*** Opening of RECORD EXTRACTS ***

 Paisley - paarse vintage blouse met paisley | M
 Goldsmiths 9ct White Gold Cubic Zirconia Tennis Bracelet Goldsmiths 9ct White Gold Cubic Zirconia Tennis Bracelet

*** Close of RECORD EXTRACTS ***
*** Opening of RECORD EXTRACTS ***

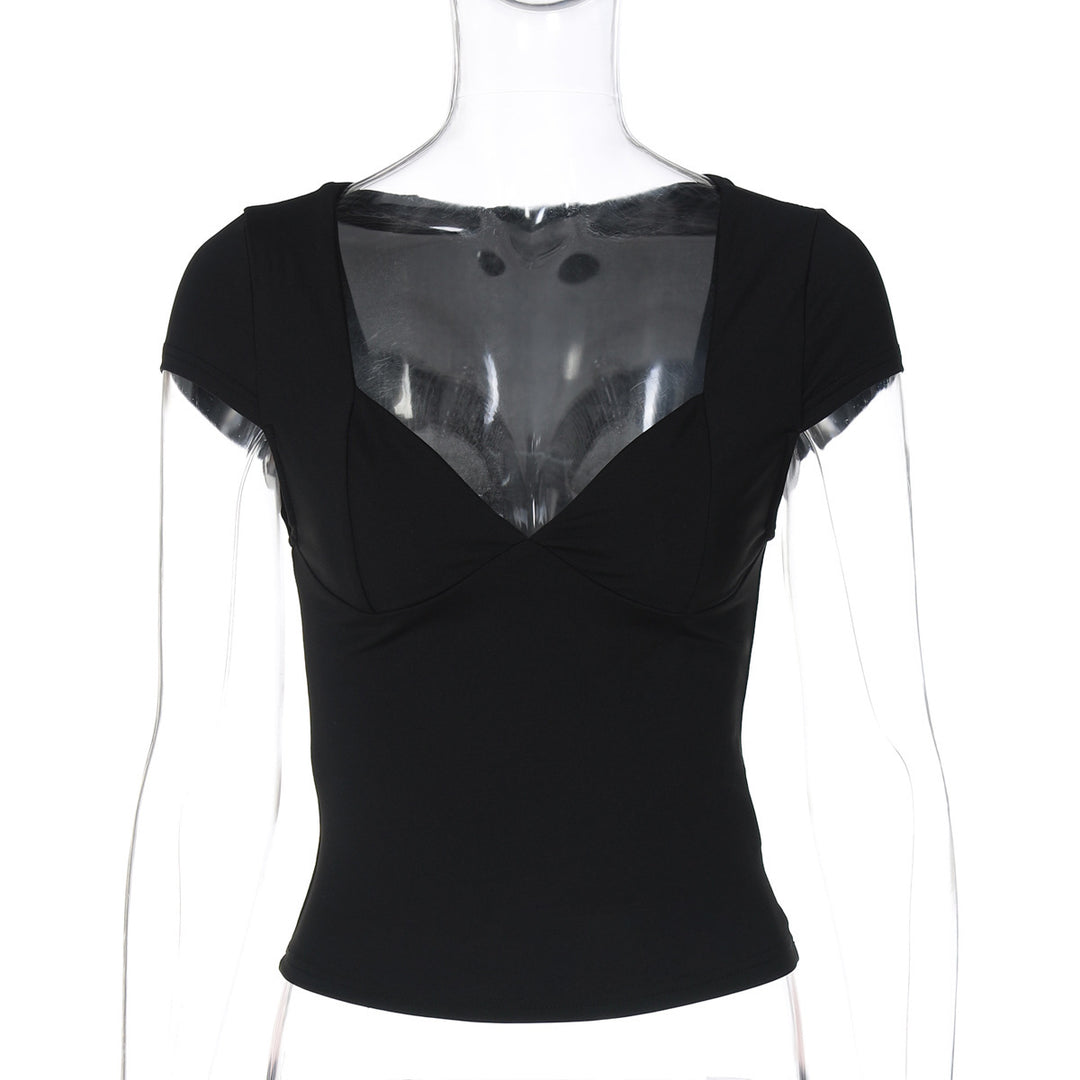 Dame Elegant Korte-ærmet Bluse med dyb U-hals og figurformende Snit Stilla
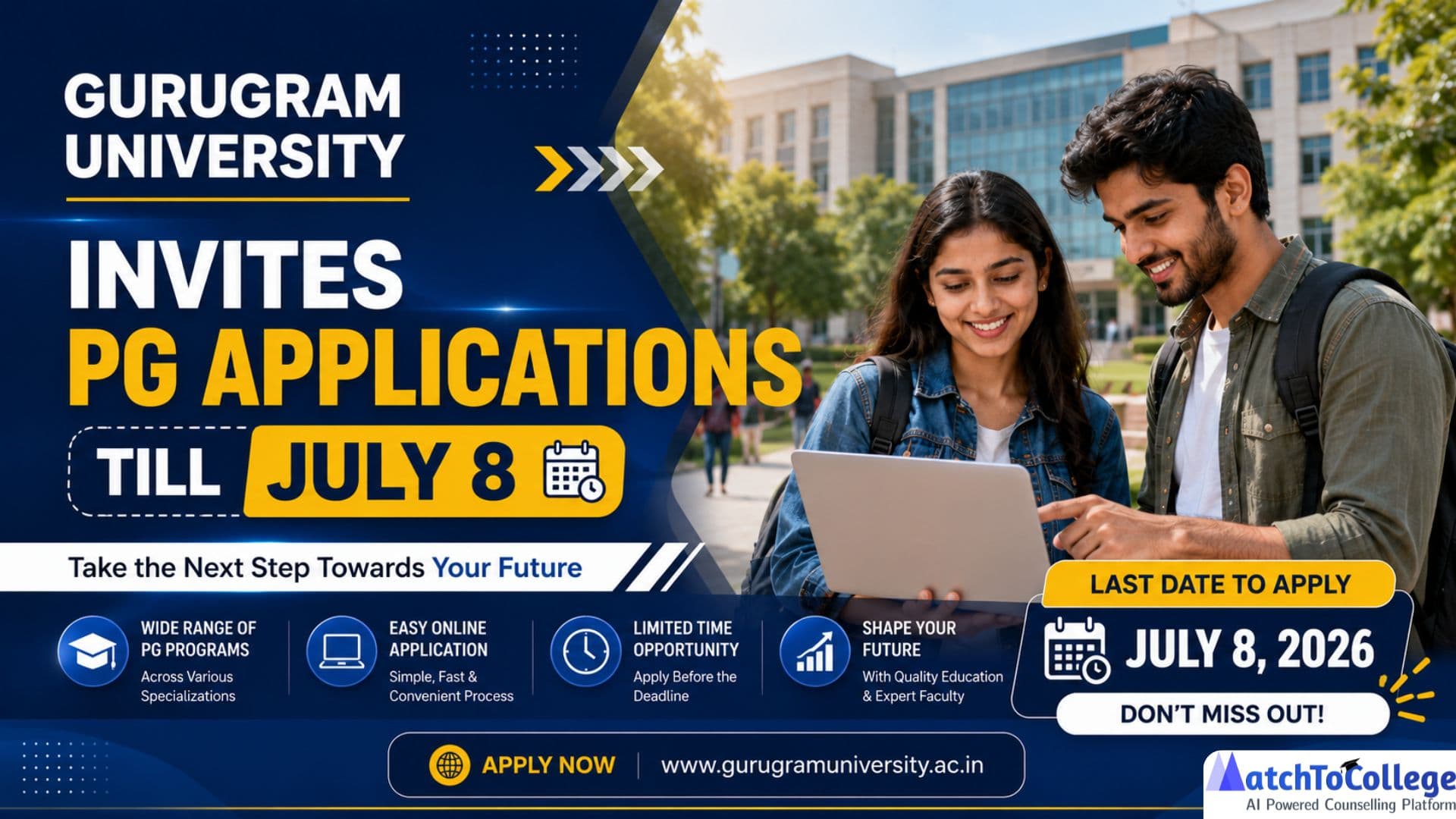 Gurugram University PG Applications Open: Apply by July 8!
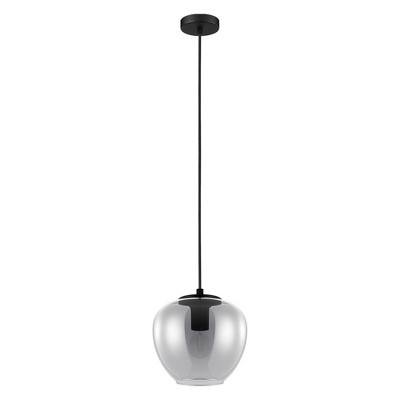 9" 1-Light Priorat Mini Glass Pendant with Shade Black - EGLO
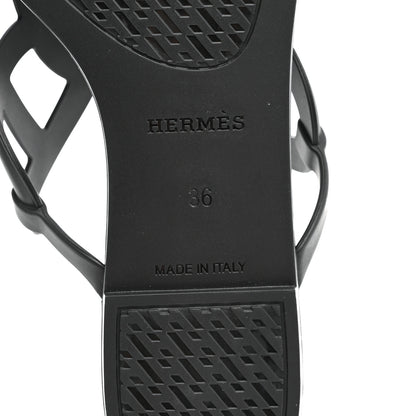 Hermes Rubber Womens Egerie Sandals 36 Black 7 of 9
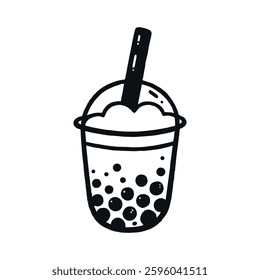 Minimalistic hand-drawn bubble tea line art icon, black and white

*** Close of RECORD EXTRACTS ***
*** Opening of RECORD EXTRACTS ***

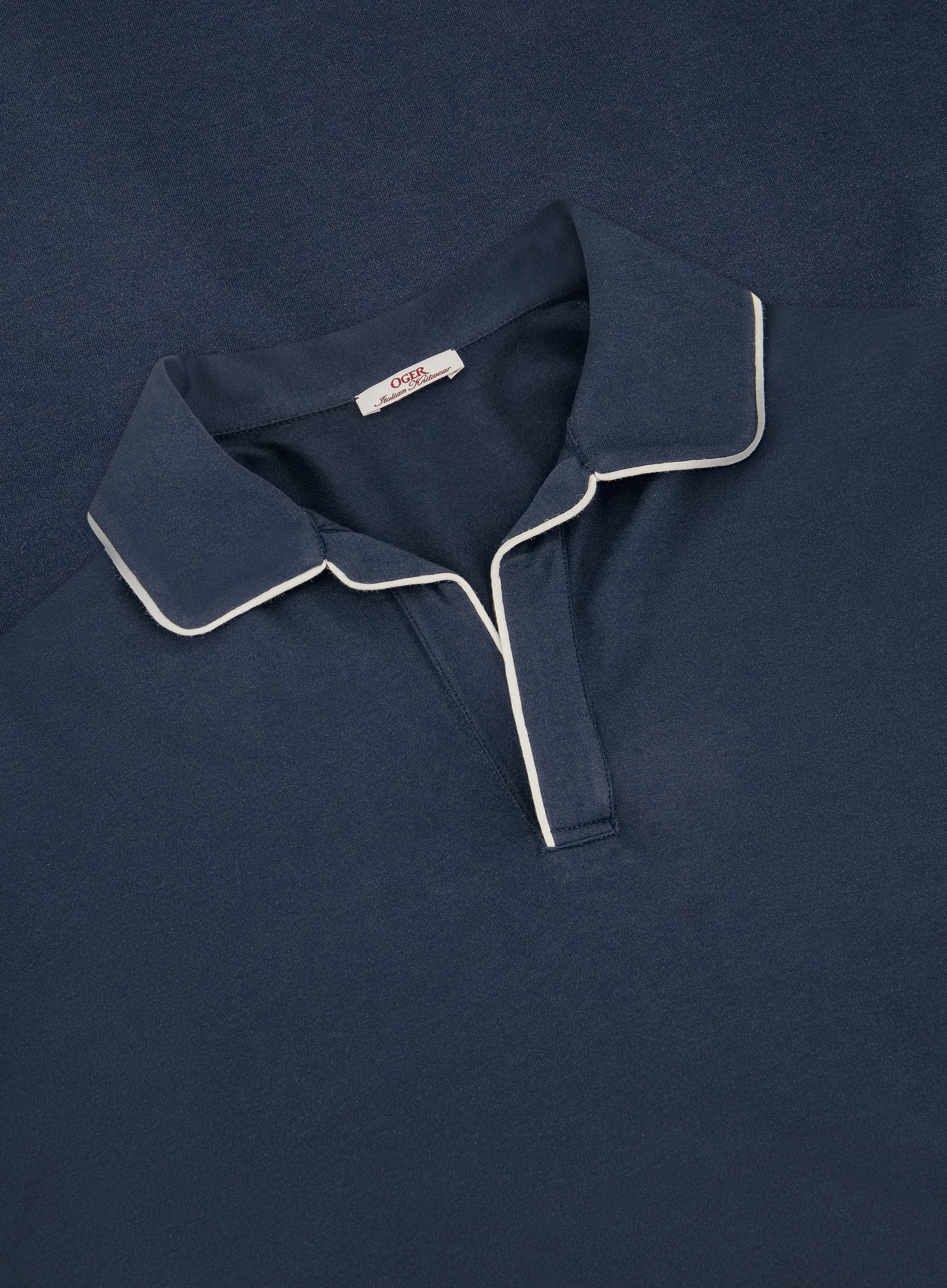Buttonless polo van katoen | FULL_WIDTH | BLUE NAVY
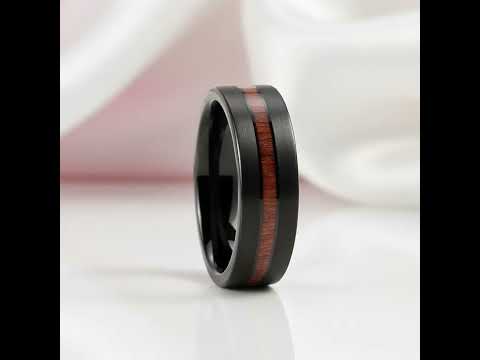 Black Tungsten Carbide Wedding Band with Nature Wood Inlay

*** Close of RECORD EXTRACTS ***

When the line with "Paisley - paarse" is reached in the data above, start copying there, and copy each line exactly until the line with "Tennis Bracelet Goldsmiths" has been copied; copy nothing else.

**RESULT OF THE EXERCISE**
 Paisley - paarse vintage blouse met paisley | M
 Goldsmiths 9ct White Gold Cubic Zirconia Tennis Bracelet Goldsmiths 9ct White Gold Cubic Zirconia Tennis Bracelet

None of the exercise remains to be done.